BEGIN EXERCISE DATA
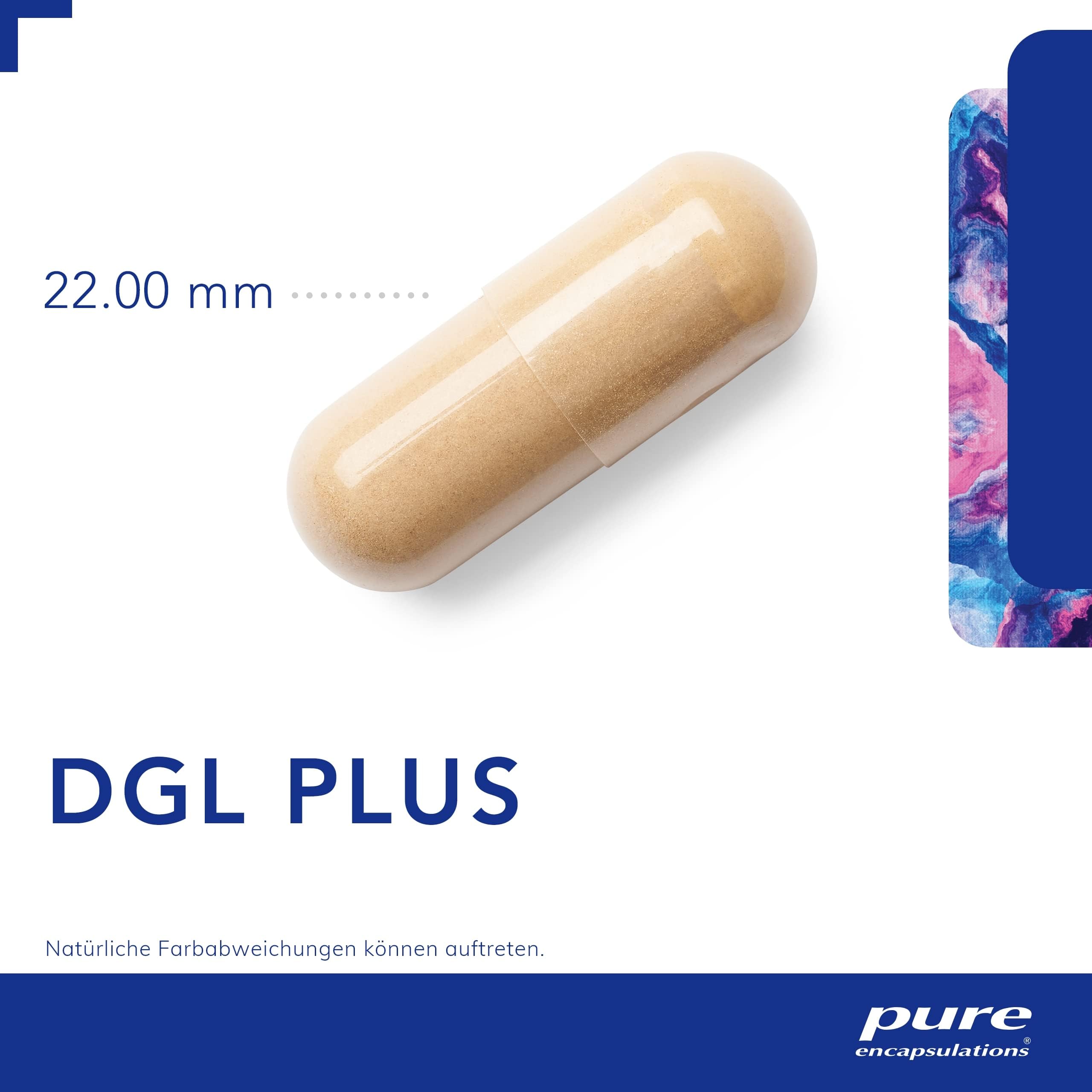 Pure Encapsulations - DGL Plus - Mit Süßholzwurzel-, Eibischwurzel- und Aloe Vera-Extrakt - Vegan und Glutenfrei - 180 Kapseln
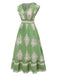 Robe bohémienne à col V motif tribal des années 1970
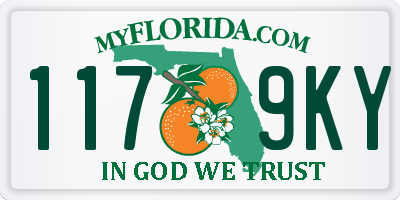FL license plate 1179KY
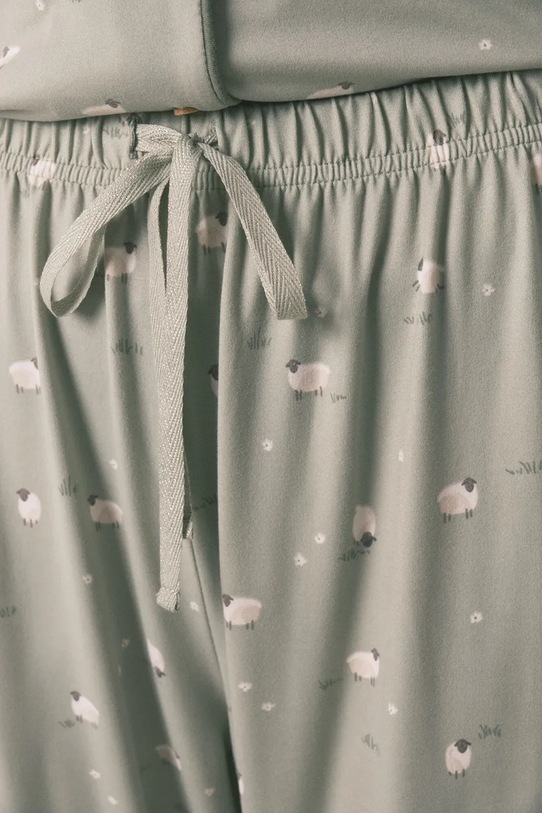 women'secret komplet piżamowy 3592480 zielony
END EXERCISE DATA
__EXERCISE BRIEF__: Where the line containing "Robe bohémienne à" appears, begin writing out the lines word for word, and continue through the last line of the data, leaving out pictures.

__ANSWER TO THE EXERCISE__:
 Robe bohémienne à col V motif tribal des années 1970
FL license plate 1179KY
 women'secret komplet piżamowy 3592480 zielony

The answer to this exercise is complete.